2003 Kernel Summit: Asynchronous I/O
[Posted July 22, 2003 by corbet]
Suparna Bhattacharya ran a session on asynchronous I/O support in the 2.6
kernel. The discussion began with a summary of the current status of AIO
support: the core API is in place,
O_DIRECT AIO works with some
filesystems, and the epoll interface (which is a separate development) is
in place. A number of things remain to be done; most significantly,
buffered filesystem I/O remains synchronous.
That situation could change, however; Suparna has had a set of filesystem
AIO patches in circulation for some months. These patches take a
retry-based approach; the code makes as much progress as it can without
blocking on a given operation, then returns a "try again" error and stops.
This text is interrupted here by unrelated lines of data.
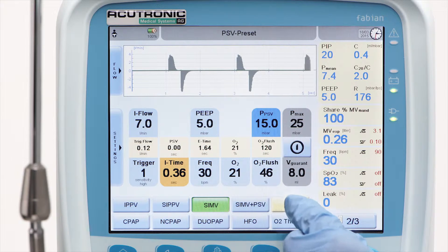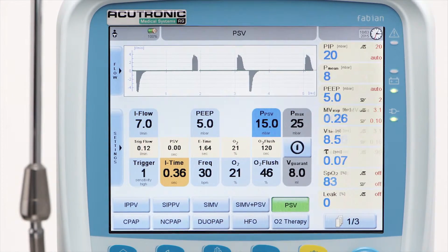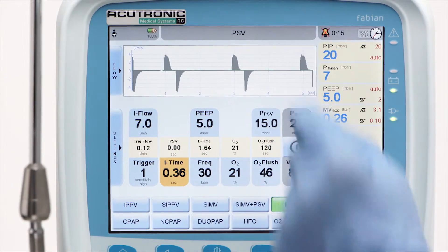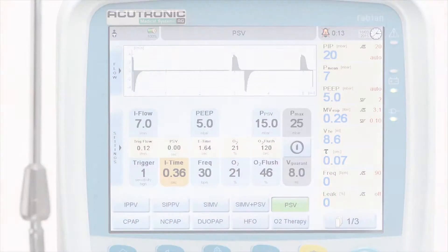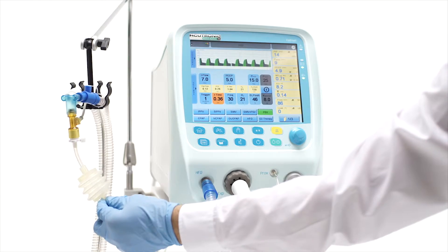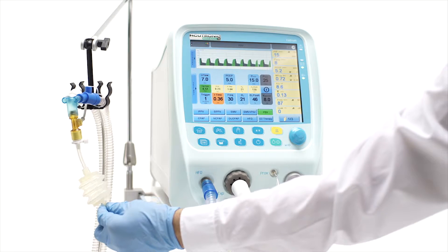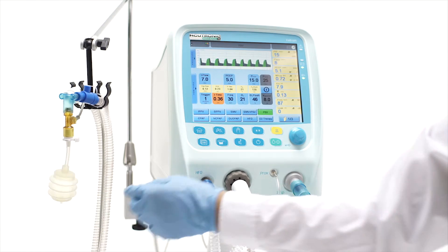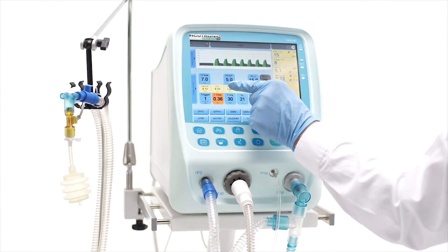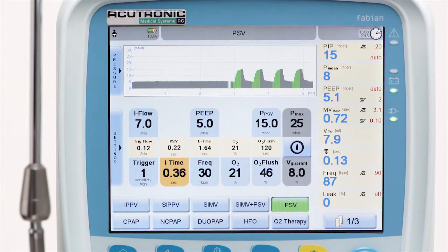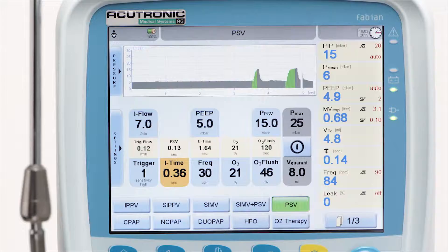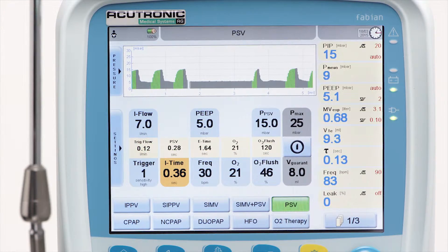That's why in PSV mode the i-time button changes its color to orange. The real patient's inspiratory time is not fixed, but controlled by the patient's breathing pattern. It can vary breath by breath and is measured and displayed in the yellow numeric window above the i-time button.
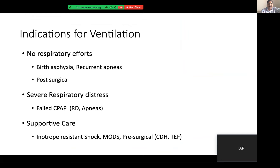The indications for ventilation are: if the baby does not have respiratory efforts — like in asphyxia or babies with recurrent apneas, we need to ventilate. In some post-surgical conditions for supportive care like TEF or CDH, we ventilate the baby. Babies in severe respiratory distress who failed CPAP — we ventilate those babies. Babies with recurrent apneas on CPAP also need ventilation. The other reasons are supportive care — like in shock, inotrope-resistant shock, multi-organ dysfunction, and pre-surgical cases like CDH and TEF.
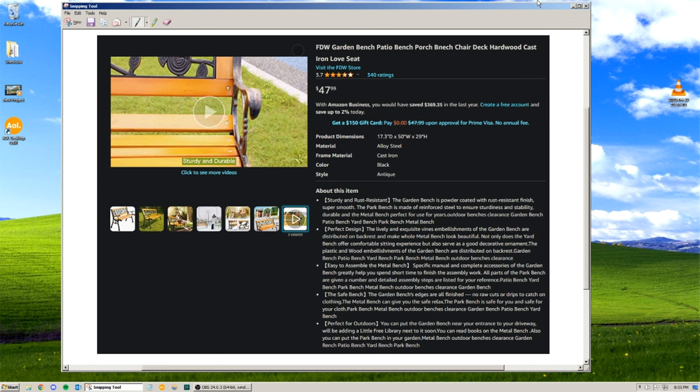So it says FDW Garden Bench, Patio Bench, Porch Benetch, Chair Deck, Hardwood Cast Iron Love Seat. About this item.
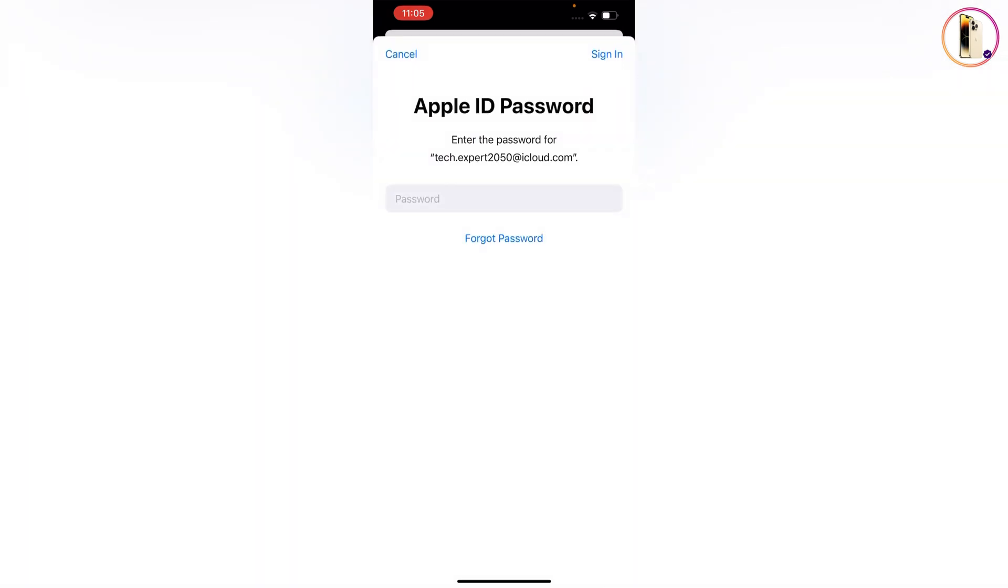Provide your password and tap to sign in.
Later on, the AIO subsystem will restart the request, in the hopes of
getting further. Only parts of the I/O path have been made truly
asynchronous; a number of operations (getting block request queue entries,
metadata operations) can still block. But it is a step in the right
direction.
There are some more experimental bits in circulation as well, including an
asynchronous version of get_block() and asynchronous semaphore
operations.
The discussion of experimental stuff was Linus's cue to step in and note
that he was not all that enthusiastic about merging even the
less-experimental parts without more evidence that there is interest in
asynchronous I/O. There is also a lack of publicly-available benchmarks
showing the benefits of AIO. Linus would like to see benchmarks that he
can run that do not involve setting up a huge database. In fact, he wants
"random 16-year-olds in Czechoslovakia" (running the kernel apparently
leaves him little time for geopolitics) to be trying out AIO benchmarks.
With enough benchmarks in circulation, interest in - and use of - AIO
should increase.
Oracle, it seems, has some benchmarks that it will, with luck, be releasing
soon.
Suparna then got into the list of things yet to be done with AIO. These
include more performance tuning, support for more filesystems (currently,
even O_DIRECT is only supported on ext2, ext3, and JFS), a
possible convergence of AIO and the epoll interface, vector AIO (it is more
efficient to have a lot of iovecs than a bunch of separate I/O control
blocks), implementing the AIO version of fsync(), and network
AIO. Network AIO was the topic that drew the most interest; it is, it was
said, the "only sane way" to do zero-copy TCP transfers. Linus suggested
that the way to get network AIO working was to publish a benchmark showing
that Solaris did it faster; then there would be an implementation within
two days.
It was also suggested that AIO support should be patched into a few
applications; that would create an incentive for implementing and testing
AIO features. It turns out that some applications (squid and MySQL were
mentioned) already have such support. There were some complaints about the
current glibc implementation of the user-space POSIX AIO functions;
apparently there is a lock there which limits the number of outstanding
operations.
Looking further ahead, some possible improvements to AIO were discussed.
Most of these seem to involve having AIO take over much of the rest of the
I/O infrastructure - an idea which came up at last year's kernel summit as
well. So, for example, the various read and write methods from the
file_operations structure could be removed, and
aio_read() and aio_write() used for everything. The
entire file I/O path could be changed over to a retry-based mode for all
operations. In this future, synchronous operations would be implemented by
invoking the corresponding asynchronous operations, then waiting for the
result. Such changes are far into the 2.7 (or later) future, however.